The House of the Black Mother (U Černé Matky Boží), sometimes referred to as Black Mother of the Lord, was designed and built between 1911 and 1912 on the corner of Celetná Street and Ovocný trh. Josef Gočár built the house as the first example of cubist architecture in Prague, and it remains probably the most celebrated. Even without historical details of the baroque building surrounding it, the House at the Black Madonna maintains the atmosphere of the neighborhood. The house was given its name by the stone sculpture that originally adorned one of the two Baroque buildings on the same lot. After many years altered use in the interwar period and under communist rule, the house was closed in January 2002 and re-opened after extensive restoration in November 2003.

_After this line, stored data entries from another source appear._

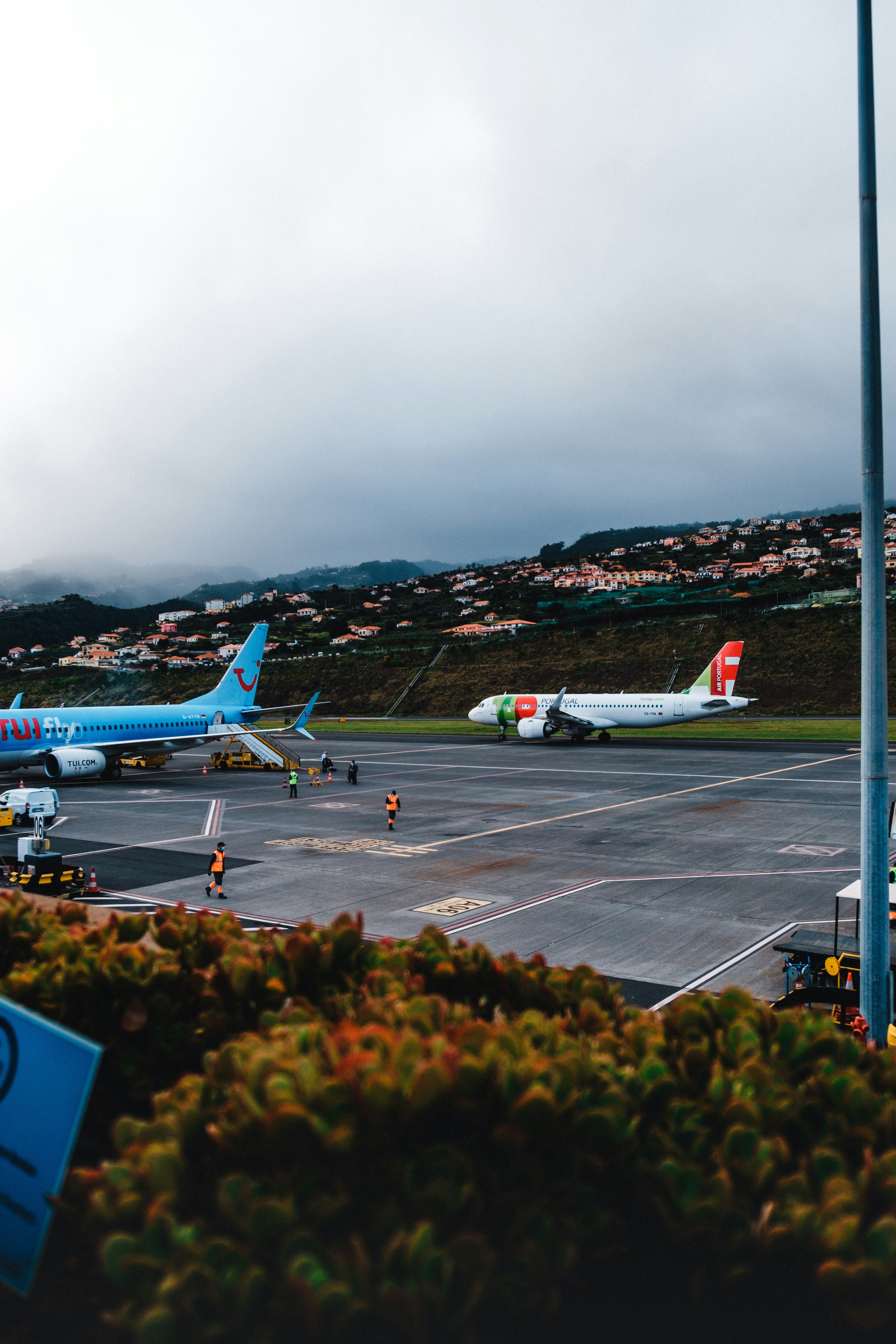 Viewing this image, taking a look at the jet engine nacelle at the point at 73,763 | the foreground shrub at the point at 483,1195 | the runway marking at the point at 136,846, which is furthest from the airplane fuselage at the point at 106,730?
the foreground shrub at the point at 483,1195

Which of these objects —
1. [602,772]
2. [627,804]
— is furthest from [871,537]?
[602,772]

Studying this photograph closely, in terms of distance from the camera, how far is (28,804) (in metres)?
27.0

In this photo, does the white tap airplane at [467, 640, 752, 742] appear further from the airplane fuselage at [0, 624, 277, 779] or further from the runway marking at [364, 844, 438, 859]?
the runway marking at [364, 844, 438, 859]

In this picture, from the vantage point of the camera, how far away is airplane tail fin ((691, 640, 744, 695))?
178 feet

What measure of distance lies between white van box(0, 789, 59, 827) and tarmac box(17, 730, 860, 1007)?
3.10 ft

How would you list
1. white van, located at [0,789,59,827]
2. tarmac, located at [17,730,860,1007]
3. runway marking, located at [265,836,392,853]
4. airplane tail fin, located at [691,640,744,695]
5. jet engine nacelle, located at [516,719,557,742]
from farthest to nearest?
jet engine nacelle, located at [516,719,557,742] → airplane tail fin, located at [691,640,744,695] → white van, located at [0,789,59,827] → runway marking, located at [265,836,392,853] → tarmac, located at [17,730,860,1007]

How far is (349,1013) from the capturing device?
4.48m

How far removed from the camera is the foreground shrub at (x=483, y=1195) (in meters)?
2.97

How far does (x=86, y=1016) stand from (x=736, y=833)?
76.5ft

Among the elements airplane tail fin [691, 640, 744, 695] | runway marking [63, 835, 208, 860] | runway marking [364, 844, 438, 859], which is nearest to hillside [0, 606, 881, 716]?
airplane tail fin [691, 640, 744, 695]

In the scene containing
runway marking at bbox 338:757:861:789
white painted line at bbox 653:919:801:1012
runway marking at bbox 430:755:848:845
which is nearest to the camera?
white painted line at bbox 653:919:801:1012

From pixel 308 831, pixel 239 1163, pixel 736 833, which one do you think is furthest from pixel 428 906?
pixel 239 1163

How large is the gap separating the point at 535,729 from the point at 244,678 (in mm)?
20715

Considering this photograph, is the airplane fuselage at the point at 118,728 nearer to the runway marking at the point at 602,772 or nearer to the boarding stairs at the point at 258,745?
the boarding stairs at the point at 258,745
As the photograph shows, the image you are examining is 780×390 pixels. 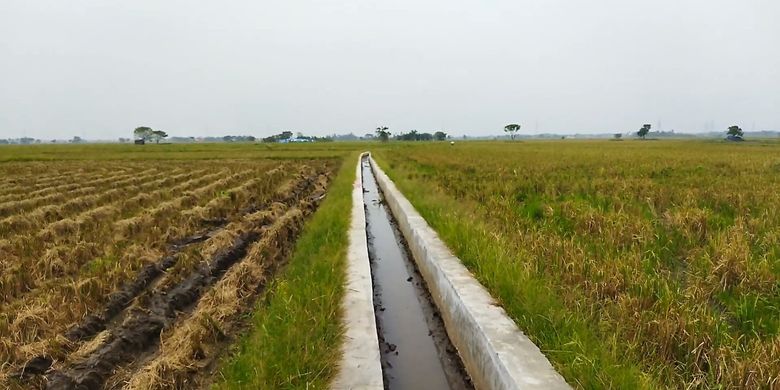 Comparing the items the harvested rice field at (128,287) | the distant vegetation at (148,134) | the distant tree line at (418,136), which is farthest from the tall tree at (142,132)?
the harvested rice field at (128,287)

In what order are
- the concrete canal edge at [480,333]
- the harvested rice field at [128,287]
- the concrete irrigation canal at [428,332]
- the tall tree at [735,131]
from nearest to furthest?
the concrete canal edge at [480,333] → the concrete irrigation canal at [428,332] → the harvested rice field at [128,287] → the tall tree at [735,131]

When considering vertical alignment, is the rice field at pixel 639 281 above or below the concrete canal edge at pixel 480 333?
above

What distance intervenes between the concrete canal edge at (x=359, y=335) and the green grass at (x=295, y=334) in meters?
0.08

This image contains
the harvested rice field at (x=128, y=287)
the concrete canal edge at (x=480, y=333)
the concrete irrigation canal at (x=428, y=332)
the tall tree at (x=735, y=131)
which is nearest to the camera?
the concrete canal edge at (x=480, y=333)

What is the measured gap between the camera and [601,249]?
220 inches

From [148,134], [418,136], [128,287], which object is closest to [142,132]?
[148,134]

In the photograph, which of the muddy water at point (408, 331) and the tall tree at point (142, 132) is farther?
the tall tree at point (142, 132)

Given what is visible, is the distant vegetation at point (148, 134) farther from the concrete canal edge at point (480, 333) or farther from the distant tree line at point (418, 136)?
the concrete canal edge at point (480, 333)

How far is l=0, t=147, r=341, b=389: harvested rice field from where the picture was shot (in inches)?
144

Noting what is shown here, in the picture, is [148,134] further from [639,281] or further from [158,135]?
[639,281]

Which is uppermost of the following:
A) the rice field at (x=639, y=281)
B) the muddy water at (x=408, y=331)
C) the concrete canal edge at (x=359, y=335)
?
the rice field at (x=639, y=281)

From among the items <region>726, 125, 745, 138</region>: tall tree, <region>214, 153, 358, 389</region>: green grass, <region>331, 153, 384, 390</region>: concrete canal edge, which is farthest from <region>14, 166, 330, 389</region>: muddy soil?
<region>726, 125, 745, 138</region>: tall tree

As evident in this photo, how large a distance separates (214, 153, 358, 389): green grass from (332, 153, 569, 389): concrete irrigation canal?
148 millimetres

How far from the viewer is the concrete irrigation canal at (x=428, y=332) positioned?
319 cm
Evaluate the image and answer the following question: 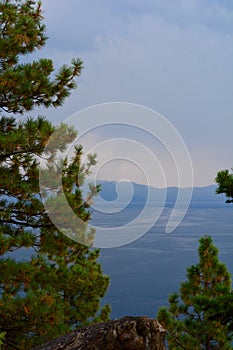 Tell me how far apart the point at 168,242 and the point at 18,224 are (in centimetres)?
16827

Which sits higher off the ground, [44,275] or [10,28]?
[10,28]

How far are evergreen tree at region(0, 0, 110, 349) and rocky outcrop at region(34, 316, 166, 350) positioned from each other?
2930mm

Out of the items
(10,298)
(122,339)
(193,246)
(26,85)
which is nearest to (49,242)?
(10,298)

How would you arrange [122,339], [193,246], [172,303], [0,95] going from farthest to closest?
[193,246], [172,303], [0,95], [122,339]

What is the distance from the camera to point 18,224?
8734 mm

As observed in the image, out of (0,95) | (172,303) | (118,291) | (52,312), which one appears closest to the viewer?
(52,312)

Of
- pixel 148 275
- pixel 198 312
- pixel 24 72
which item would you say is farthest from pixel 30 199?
pixel 148 275

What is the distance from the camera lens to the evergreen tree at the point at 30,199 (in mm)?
7422

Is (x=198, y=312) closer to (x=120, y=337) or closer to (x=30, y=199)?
(x=30, y=199)

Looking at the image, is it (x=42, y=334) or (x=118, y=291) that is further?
(x=118, y=291)

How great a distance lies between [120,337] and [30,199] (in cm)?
446

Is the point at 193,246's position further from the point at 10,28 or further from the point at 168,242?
the point at 10,28

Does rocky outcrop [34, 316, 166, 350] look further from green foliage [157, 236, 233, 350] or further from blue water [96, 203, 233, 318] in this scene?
blue water [96, 203, 233, 318]

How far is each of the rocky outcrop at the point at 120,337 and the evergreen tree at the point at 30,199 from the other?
2.93m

Gočár designed the house in mid-1911 at the age of 31 for the wholesale merchant František Josef Herbst. Herbst chose Gočár to build his department store in the Old Town along the old coronation route because of the architect’s earlier success with a similar shop in Jaroměř, built in 1909-1911. Because of its prominent location in the heart of the city, Gočár’s building was subject to strict harmonization rules requiring that the department store not conflict with its historical setting. The building thus uses the language of baroque architecture in a Cubist form, thus exemplifying the ‘contextualization’ of Cubist architecture.

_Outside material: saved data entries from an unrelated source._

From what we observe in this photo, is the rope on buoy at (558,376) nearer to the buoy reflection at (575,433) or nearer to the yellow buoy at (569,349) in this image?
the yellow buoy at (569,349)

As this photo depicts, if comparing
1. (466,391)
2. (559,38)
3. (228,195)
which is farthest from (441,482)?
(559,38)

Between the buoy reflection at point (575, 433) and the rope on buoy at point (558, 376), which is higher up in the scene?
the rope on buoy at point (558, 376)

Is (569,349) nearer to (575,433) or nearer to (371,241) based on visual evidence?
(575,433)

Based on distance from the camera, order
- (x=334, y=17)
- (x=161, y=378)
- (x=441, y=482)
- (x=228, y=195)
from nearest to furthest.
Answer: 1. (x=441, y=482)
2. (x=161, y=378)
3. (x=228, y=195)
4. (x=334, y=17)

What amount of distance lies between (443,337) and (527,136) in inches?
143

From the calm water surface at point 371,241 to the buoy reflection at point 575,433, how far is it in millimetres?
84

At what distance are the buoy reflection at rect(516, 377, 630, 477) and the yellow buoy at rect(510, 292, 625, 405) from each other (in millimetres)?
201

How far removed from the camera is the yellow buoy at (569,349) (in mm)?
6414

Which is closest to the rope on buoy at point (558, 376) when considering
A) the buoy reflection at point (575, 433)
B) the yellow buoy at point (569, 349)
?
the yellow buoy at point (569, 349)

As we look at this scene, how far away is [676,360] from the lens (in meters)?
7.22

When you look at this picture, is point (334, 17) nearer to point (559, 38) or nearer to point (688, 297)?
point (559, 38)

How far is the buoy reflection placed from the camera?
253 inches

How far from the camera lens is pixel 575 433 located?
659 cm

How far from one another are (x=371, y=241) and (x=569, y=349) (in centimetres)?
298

Gočár’s first plans were not well received by the historical buildings authority in Bohemia. Subsequent designs incorporated more Cubist features into the building. The Prague City Council eventually approved the plans on August 4, 1911. Gočár’s early modernist orientation (as can be seen in the original plans for the building), gave way to new Cubist designs in the finished building. The angular bay windows, iconic capitals between windows, and cubist balcony railing took their place in the designs.
Like many of Gočár’s houses, the House at the Black Madonna was built with a reinforced-concrete skeleton inspired by the Chicago School (architecture). Cubist interiors have proven a challenge to architects. The use of a reinforced-concrete skeleton allowed for large interior spaces without ceiling support that were better suited to Cubist aesthetics. The Grand Café Orient, which encompassed the entire first floor without supporting pillars, was a revolutionary feat of engineering.

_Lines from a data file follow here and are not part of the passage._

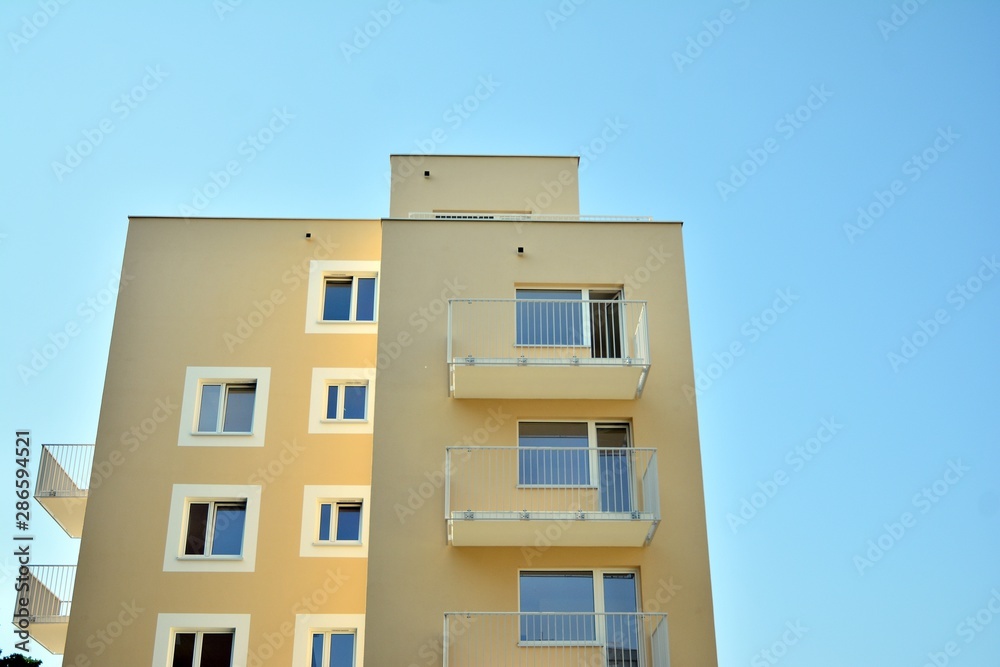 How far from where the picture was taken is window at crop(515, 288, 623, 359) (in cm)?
1822

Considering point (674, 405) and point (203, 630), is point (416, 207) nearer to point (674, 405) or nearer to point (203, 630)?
point (674, 405)

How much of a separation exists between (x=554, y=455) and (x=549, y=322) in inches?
90.1

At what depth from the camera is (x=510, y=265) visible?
18875 millimetres

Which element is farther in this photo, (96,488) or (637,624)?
(96,488)

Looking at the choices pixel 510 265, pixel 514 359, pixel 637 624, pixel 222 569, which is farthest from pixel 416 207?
pixel 637 624

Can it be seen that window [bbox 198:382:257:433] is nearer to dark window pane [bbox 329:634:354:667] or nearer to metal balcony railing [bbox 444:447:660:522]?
dark window pane [bbox 329:634:354:667]

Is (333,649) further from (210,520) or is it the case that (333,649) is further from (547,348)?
(547,348)

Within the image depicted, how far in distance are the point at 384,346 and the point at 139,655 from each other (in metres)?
6.15

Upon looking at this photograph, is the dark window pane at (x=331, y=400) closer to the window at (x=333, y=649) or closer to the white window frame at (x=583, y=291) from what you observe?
the white window frame at (x=583, y=291)

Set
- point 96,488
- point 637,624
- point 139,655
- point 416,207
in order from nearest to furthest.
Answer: point 637,624 < point 139,655 < point 96,488 < point 416,207

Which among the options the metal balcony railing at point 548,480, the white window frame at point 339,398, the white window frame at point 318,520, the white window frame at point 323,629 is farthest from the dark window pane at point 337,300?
the white window frame at point 323,629

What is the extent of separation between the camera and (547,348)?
1814 cm

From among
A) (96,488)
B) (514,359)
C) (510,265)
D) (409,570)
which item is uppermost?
(510,265)

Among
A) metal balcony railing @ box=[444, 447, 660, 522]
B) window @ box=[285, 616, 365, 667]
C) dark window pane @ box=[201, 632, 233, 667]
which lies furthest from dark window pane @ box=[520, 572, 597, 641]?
dark window pane @ box=[201, 632, 233, 667]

In some literature, Gočáris described as ‘decorativist’ because he was primarily concerned with creating a Cubist façade instead of a Cubist building. It is thus ironic that his design for the Grand Café Orient is the only surviving Cubist interior in the world. As for the façade, multiple changes in design and the requirements of harmonization forced certain compromises in the Cubist elements. The façade breaks with Cubist and modern traditions on the third storey, and incorporates 'foreign' elements in order to reconcile the building with its surroundings. For example, the roof resembles baroque double roofs, and the third storey also features flat windows and pilasters with Classical fluting between them.
The House at the Black Madonna was originally designed to house a department store. Herbst’s store occupied the ground and second floor of the building. Grand Café Orient was established on the first floor. Above that were apartments. Minor changes were made to this arrangement in 1914. In the mid-1920s the café and store on the second floor were converted into bank offices. The department store was closed in 1922. Further alterations to the architectural integrity were made in 1941, when functionalist architect V. Kubik refashioned the wooden frames on the ground floor windows with steel. During the communist period, the building was subdivided internally into more office space and then designated the state exhibition agency.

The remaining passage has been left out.